3. The tooling that consumes the YAML: ephemeris shed-tools
ephemeris is the Galaxy Project’s library of admin
automation scripts. The relevant entry point is shed-tools, which the docstring summarizes:
“Shed-tools has three commands: update, test and install. Update simply updates all the tools in a Galaxy given connection details on the command line. Test tests the specified tools in the Galaxy Instance. Install allows installation of tools in multiple ways.” —
shed_tools.py
3.1 Install from a file
shed-tools install -g https://galaxy.example.org -a <api-key> -t tool_list.yaml
(-t/--toolsfile is the install YAML; -g the Galaxy URL; -a the admin API key.) Installation
is idempotent — already-installed repository revisions are filtered out (see FilterResults /
already_installed_repos in shed_tools.py) and skipped.
3.2 Install a single tool from CLI options
shed-tools install -g https://galaxy.example.org -a <api-key> --name bwa --owner devteam --section_label Mapping
3.3 Test installed tools
shed-tools test -g https://galaxy.example.org -a <api-key> --name bamtools_filter --owner devteam
ephemeris drives this through Galaxy’s own test interactor
(galaxy.tool_util.verify.interactor
imports GalaxyInteractorApi, verify_tool), so the same machinery that runs a tool’s
functional tests in CI verifies the freshly installed tool.
3.4 Round-tripping: export an existing server’s tools
The reverse direction — turning a live Galaxy into a YAML file — is get-tool-list:
get-tool-list -g "https://usegalaxy.eu" -o "eu_tool_list.yaml"
Implemented by
get_tool_list_from_galaxy.py,
whose GiToToolYaml class walks the live tool panel (get_tool_panel) and emits the same schema.
This is how an admin clones one server’s tool set onto another, and how usegalaxy-* operators
audit drift. Note the panel walk distinguishes model_class == "Tool" from "ToolSection",
recursing into sections — so the exported YAML preserves panel placement.
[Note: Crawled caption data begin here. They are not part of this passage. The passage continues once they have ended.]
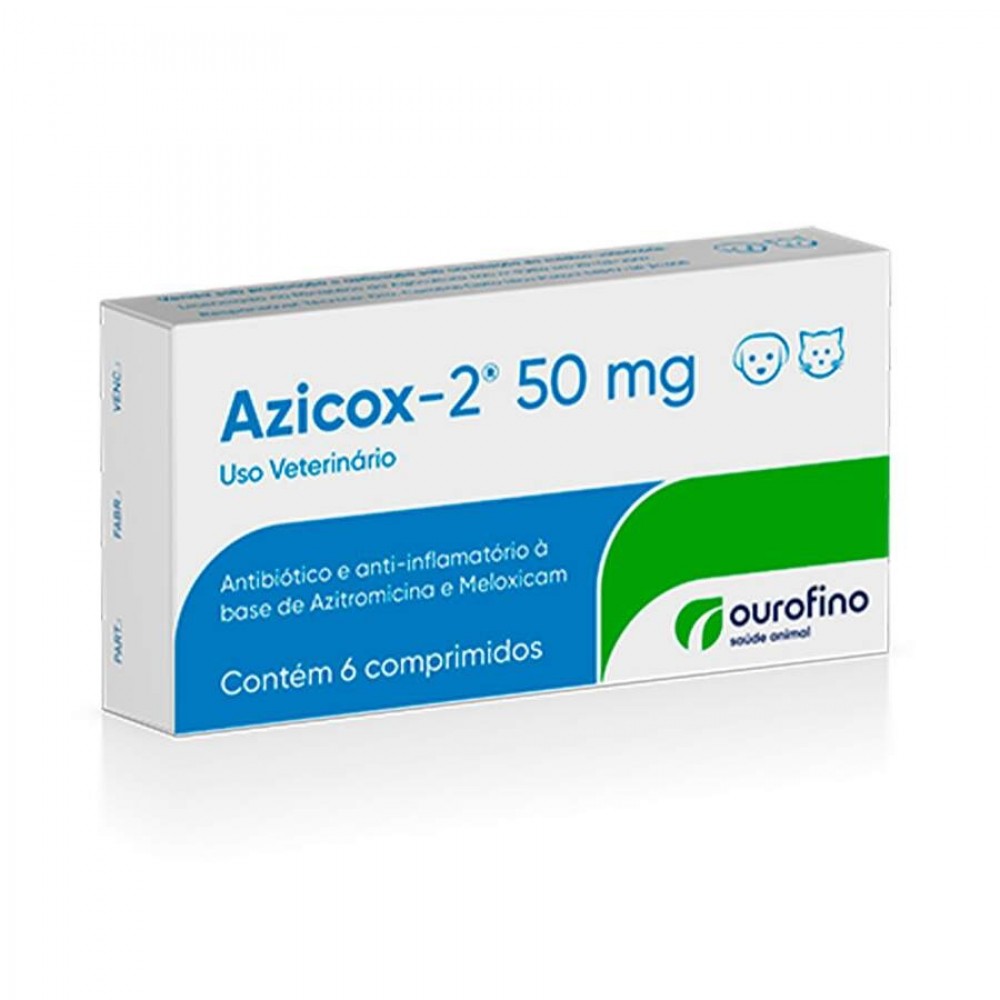 AZICOX-2 50MG 6 COMPRIMIDOS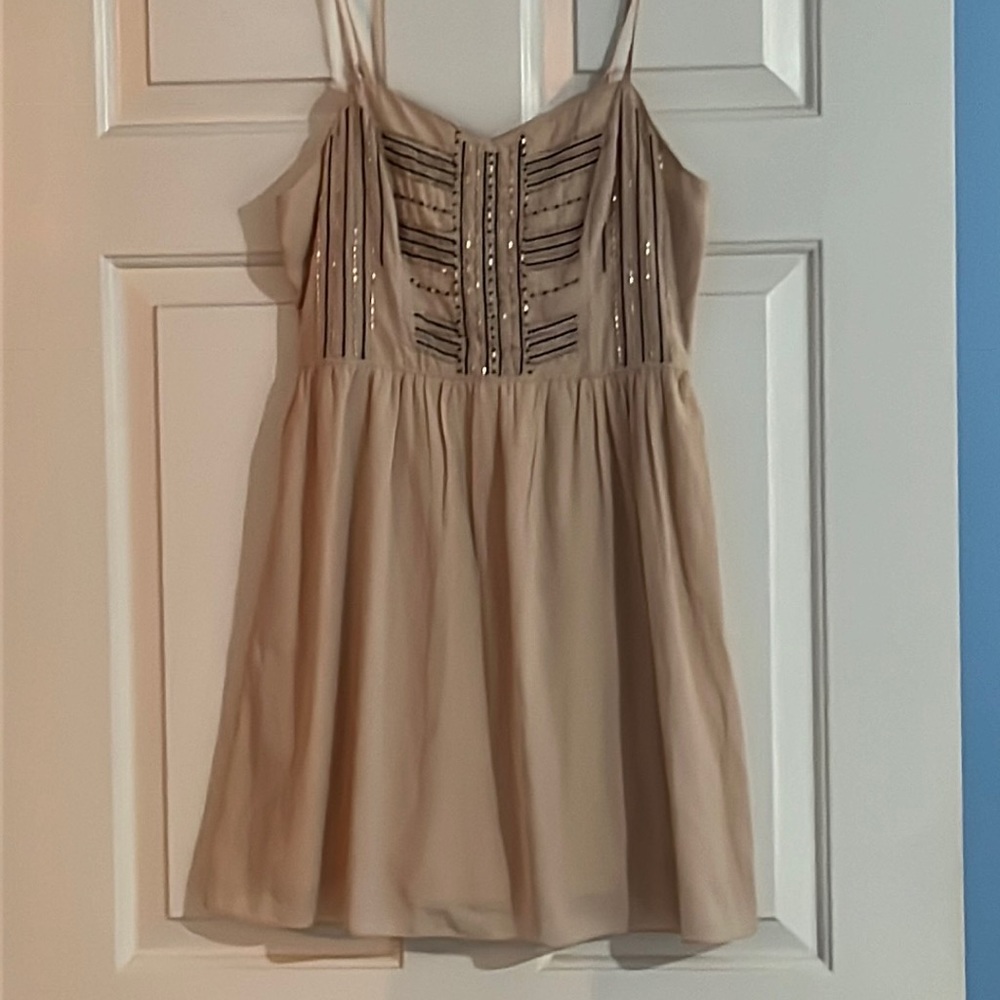 American Eagle beaded pink dress
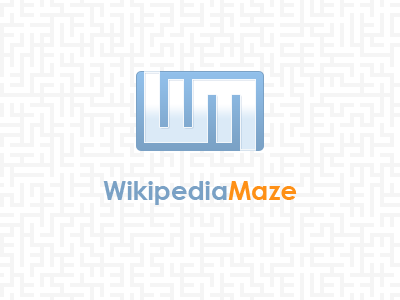 WikipediaMaze Logo blue logo orange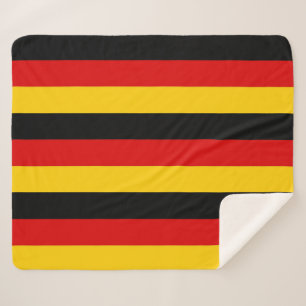 Patriotic Sherpa Blanket with Germany flag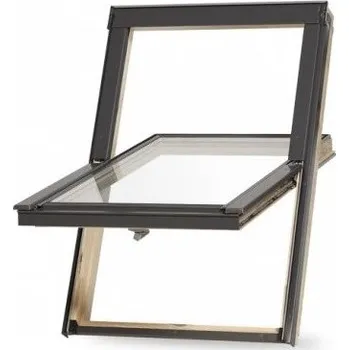 Okno ROOFLITE+ SOLID PINE - Dřevěné střešní okno F6A - rozměr 66*118cm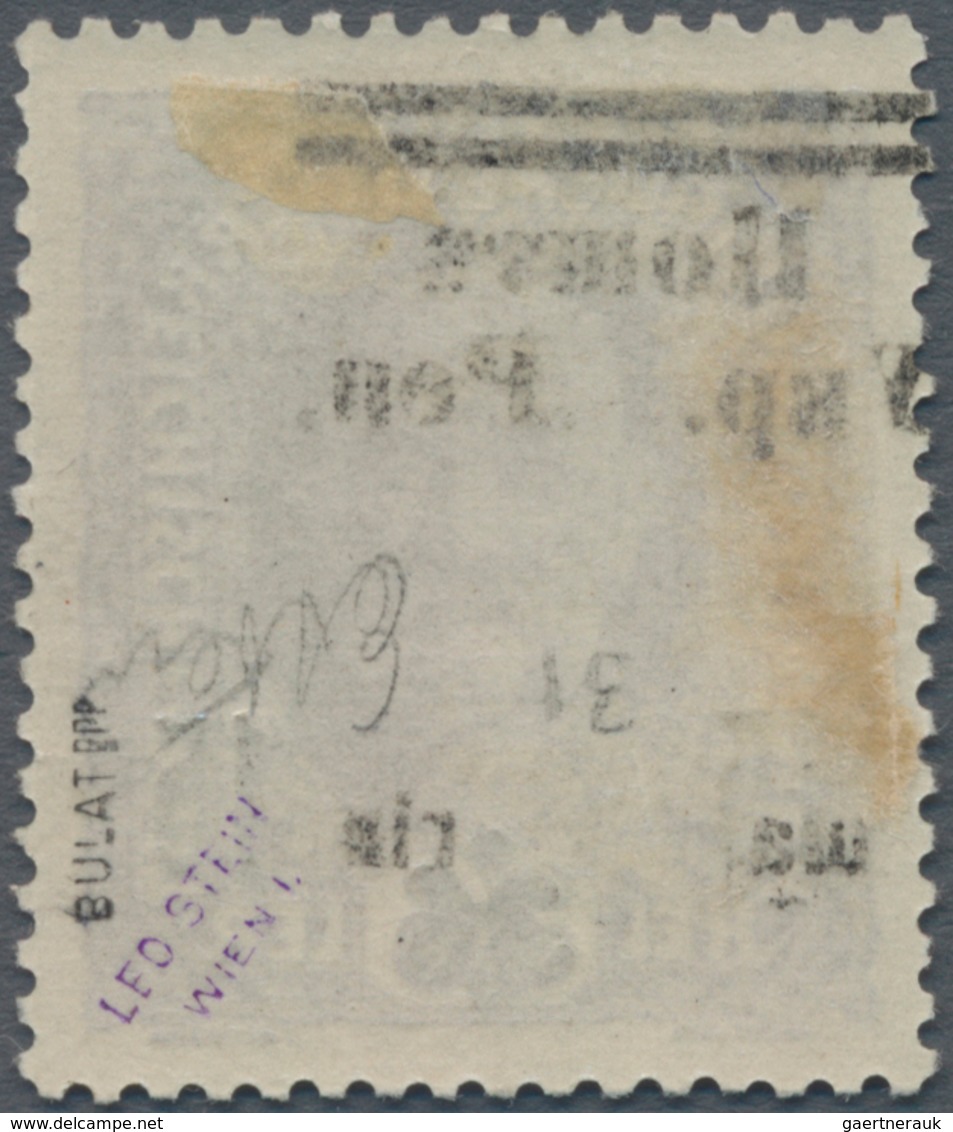 Westukraine: 1919, Postage Due From Austria 15 Schahiw On 36 H With "missing 'H'" (pos. 5), Signed. - Ukraine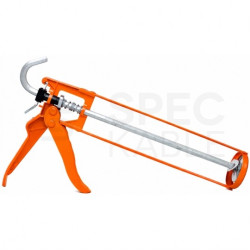 Wyciskacz tubowy, pistolet do kartuszy silikonu masy uszczelniaczy 240mm pomarańczowy BOSTIK CG-SK10-7-ND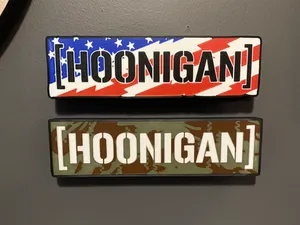 HOONIGAN Camo lightbox sign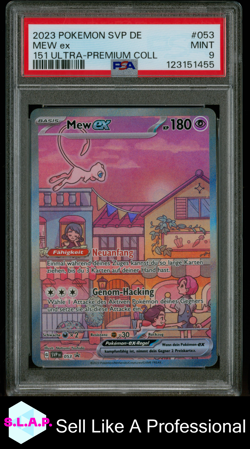 MEW EX POKEMON #053 2023 SVP 151 ULTRA PREMIUM COLLECTION GERMAN PSA 9 - Image 1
3.5 Generating a YAML from a workflow
Because a Galaxy .ga workflow records every tool (repository + revision) it uses, ephemeris can
extract the install list directly from a workflow file — closing the loop between “I have a
workflow” and “install everything it needs”:
workflow-to-tools -w mapping.ga -o tools/workflow_tools.yml -l Mapping
(-l sets the tool_panel_section_label for all extracted tools.) Implemented by
generate_tool_list_from_ga_workflow_files.py.
The tutorial presents this as the recommended way to make a workflow portable across Galaxy
servers. (The .ga step tool_shed_repository records that supply these hashes are described in
Component - Workflow Format (.ga).)
4. Tool-panel placement semantics (the part admins get wrong)
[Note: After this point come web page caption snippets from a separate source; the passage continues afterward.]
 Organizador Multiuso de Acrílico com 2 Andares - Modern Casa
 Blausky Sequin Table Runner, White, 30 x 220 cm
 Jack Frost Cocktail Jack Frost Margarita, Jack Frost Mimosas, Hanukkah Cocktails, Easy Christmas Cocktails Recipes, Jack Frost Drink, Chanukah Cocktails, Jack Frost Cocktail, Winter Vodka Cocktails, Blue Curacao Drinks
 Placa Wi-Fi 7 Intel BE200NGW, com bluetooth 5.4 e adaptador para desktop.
The single most error-prone field pair is tool_panel_section_id vs tool_panel_section_label.
The sample comments and the shed_tools.py docstring together pin down the exact rules:
-
tool_panel_section_id— must already exist in the server’sshed_tool_conf.xml. From the docstring:“When installing tools, Galaxy expects any
tool_panel_section_idprovided when installing a tool to already exist in the configuration. If the section does not exist, the tool will be installed outside any section.” Silent mis-placement (tool ends up section-less) is the failure mode here. -
tool_panel_section_label— created on demand if absent. The label→id normalization is deterministic, from the sample:“Each label will have a corresponding ID created; the ID will be an all lowercase version of the label, with multiple words joined with underscores (e.g., ‘BED tools’ -> ‘bed_tools’).”
-
Multi-word labels must be quoted in YAML (
tool_panel_section_label: 'BED tools').
Practical guidance: on a server you control end-to-end, prefer tool_panel_section_label so
sections self-create. When matching an existing curated panel (the usegalaxy case), the .yml
carries the _label and the generated .yml.lock carries the derived _id as well (§5).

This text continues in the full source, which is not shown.